The Lawyer understands that he or his deputy, Geoff Hoon is preparing to concede that only the plan to replace legal aid with conditional fees in personal injury cases will go ahead on time.
Hoon, the parliamentary private secretary at the Lord Chancellor's Department (LCD), may allude to the problems when he faces parliamentary questions this Monday.
Legal aid practitioners have always believed that Lord Irvine imposed an unrealistically tight deadline for plans to substitute conditional fees for legal aid for most money claims.
Doubts about his ability to meet it were fuelled when it emerged that the LCD had made little effort to establish whether the insurance profession could step forward to insure conditional fee cases in time.
However, last month Lord Irvine restated his determination to press ahead with the reforms during a debate in the House of Lords.

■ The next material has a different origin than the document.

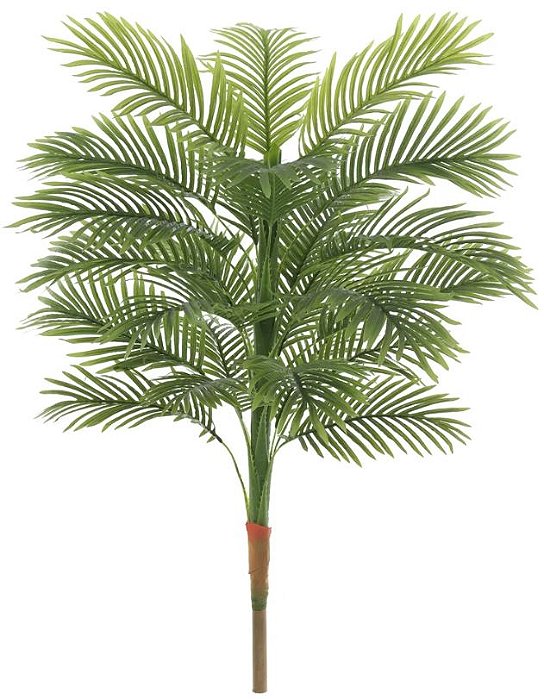 Planta Artificial Palmeira Árvore Real Toque X24 Verde 1.3m
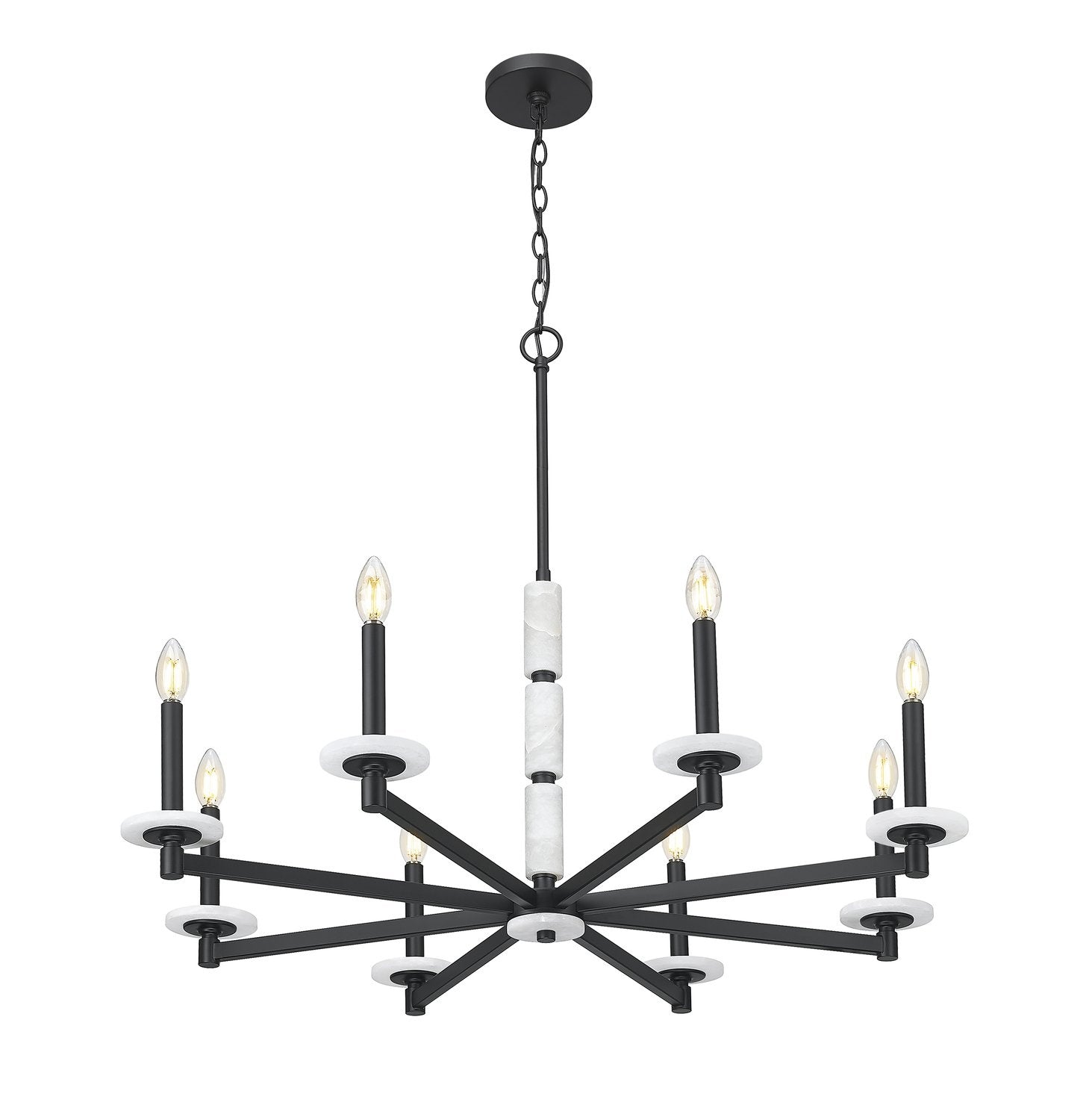 Z-LITE, KADEN CHANDELIER, CHANDELIER LIGHT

The delay will buy the profession and consumer groups valuable time to lobby against those elements of the reform which they oppose.
Concern has focused on the ability people on low incomes to pay the insurance premiums they will need in order to launch a conditional fees action.
In December, the Law Society unveiled plans for a contingency legal aid fund based on the conditional fees principle which it claimed would plug the gap.
Meanwhile, the society's Justice Task force is considering running an advertising campaign in the national press in order to influence the reforms.
Eileen Pembridge, a member of the task force, said that the group will not make a decision until the LCD releases its consultation paper which is expected in mid-February.
The society is also to commission research on the impact of the reforms on solicitors.